The talk wasn’t exclusively focused on trucking at this year’s Atlantic Provinces Trucking Association conference – Scotiabank’s senior vice president and chief economist took to the podium and presented an economic...


The talk wasn’t exclusively focused on trucking at this year’s Atlantic Provinces Trucking Association conference – Scotiabank’s senior vice president and chief economist took to the podium and presented an economic outlook that examines a number of areas.

Global Forecast

Warren Jestin, in an update on the global economy, stated economic growth is facing some difficulties.

“The U.S. Outlook, and that of the world, are being buffeted again by another in a series of recurring economic and political developments that slow, but do not derail growth,” Jestin said.

According to a report issued by Scotiabank, economic growth, investor confidence and financial markets have been cuffed by several developments over the past few months – including the expectation that the U.S Federal Reserve would slow down its extraordinary monetary stimulus, increased possibility of military intervention due to mounting threats in Syria and lastly, larger emerging market economies may gain strength.

The current partial government shutdown in the U.S. is also curbing economic growth, according to the report.

“Although it is still a low probability, the political, economic and financial market fallout associated with even a relatively brief failure by the U.S. Government to service its debt obligations could be much more severe and longer-lasting,” said Jestin.

“America’s fiscal deficit has been roughly halved in nominal dollar values, and the United States remains a diversified and resilient economy that continues to be supported by a very stimulative monetary policy,” Jestin said.

Yet, U.S. resiliency does not entirely negate severe outcomes.

In American default scenarios, investors may favour international portfolios, which would weaken the U.S. dollar, the report stated.

“Canadian exports and output will likely be pressured a bit by the events unfolding south of the border, though the overall impact will be limited by the resiliency in domestic personal spending and housing activity,” Jestin said, also adding that emerging market economies, like China, stabilizing and reinforcing the demand and cost of commodities.

Nevertheless, Jestin has an optimistic outlook and firmly believes there is no chance that the U.S will be forced into a default position.

Foreign Exchange

The Canadian dollar has lost some ground, but it is expected to stabilize in early 2014, a report issued by Scotiabank’s Camilla Sutton, chief foreign exchange strategist, said.

According to her report, presented by Jestin, Canada can no longer boast a twin current account, a budget surplus and strong fundamental growth.
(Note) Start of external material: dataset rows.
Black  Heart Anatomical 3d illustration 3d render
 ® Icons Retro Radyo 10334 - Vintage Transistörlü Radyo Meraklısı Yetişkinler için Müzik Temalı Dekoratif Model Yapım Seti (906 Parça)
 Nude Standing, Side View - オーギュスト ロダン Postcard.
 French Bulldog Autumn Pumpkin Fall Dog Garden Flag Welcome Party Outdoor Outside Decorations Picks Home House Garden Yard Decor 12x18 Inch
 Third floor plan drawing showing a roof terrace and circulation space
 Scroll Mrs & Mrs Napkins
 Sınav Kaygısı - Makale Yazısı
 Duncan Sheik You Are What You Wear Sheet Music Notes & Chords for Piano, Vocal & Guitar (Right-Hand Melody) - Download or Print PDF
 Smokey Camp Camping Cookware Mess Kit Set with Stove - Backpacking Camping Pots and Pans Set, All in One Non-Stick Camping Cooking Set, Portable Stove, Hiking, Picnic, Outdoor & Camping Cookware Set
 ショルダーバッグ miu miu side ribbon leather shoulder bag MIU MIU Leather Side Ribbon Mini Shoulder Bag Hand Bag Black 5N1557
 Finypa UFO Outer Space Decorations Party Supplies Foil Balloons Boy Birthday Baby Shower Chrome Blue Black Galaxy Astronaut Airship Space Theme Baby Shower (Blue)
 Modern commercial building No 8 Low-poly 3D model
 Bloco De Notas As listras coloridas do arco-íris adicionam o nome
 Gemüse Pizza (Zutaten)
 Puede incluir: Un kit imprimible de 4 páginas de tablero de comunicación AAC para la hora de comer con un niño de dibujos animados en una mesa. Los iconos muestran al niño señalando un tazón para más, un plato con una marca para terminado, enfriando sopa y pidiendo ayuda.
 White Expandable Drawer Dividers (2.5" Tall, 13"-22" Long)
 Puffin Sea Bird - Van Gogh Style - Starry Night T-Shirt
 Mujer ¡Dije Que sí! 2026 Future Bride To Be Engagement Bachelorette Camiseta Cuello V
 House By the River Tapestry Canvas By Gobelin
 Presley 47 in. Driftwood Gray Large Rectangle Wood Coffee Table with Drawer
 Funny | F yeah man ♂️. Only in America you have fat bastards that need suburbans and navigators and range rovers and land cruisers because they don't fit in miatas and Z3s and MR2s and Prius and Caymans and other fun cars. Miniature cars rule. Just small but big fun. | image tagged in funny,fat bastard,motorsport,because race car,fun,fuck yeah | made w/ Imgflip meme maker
The report also stated that the current account and budget deficits would only narrow modestly in the next year.

Ultimately, the CAD will weaken until the end of the year and make a modest recovery in 2014.

 

Global Auto Report

Car sales picked up speed during the summer, but because of incentives on new cars and light trucks, the prices decreased by 5%, an economist from Scotiabank reported.

According to Jestin, China produces more automobiles than U.S., Canada and Mexico combined.

While car prices strengthen, particularly in the pre-owned market, rising supplies will limit gains, Jestin said.

Global Real Estate Trends

Jestin reported that Canadian housing activity remains afloat, but sustained gains are becoming less favourable due to a number of factors.

“Low borrowing costs and balanced market conditions continue to attract buyers, but slowing job growth and the recent uptick in fixed mortgage rates will likely cool activity later in the year and into 2014,” said Jestin.

Affordability, according to Jestin, is an ongoing problem in larger urban areas, especially for single-family homes.

Jestin concluded his findings on an uplifting note.

“I am very optimistic about the outlook for Canada,” said Jestin, but also added, “Accurate predictions require an advanced degree in astrology.”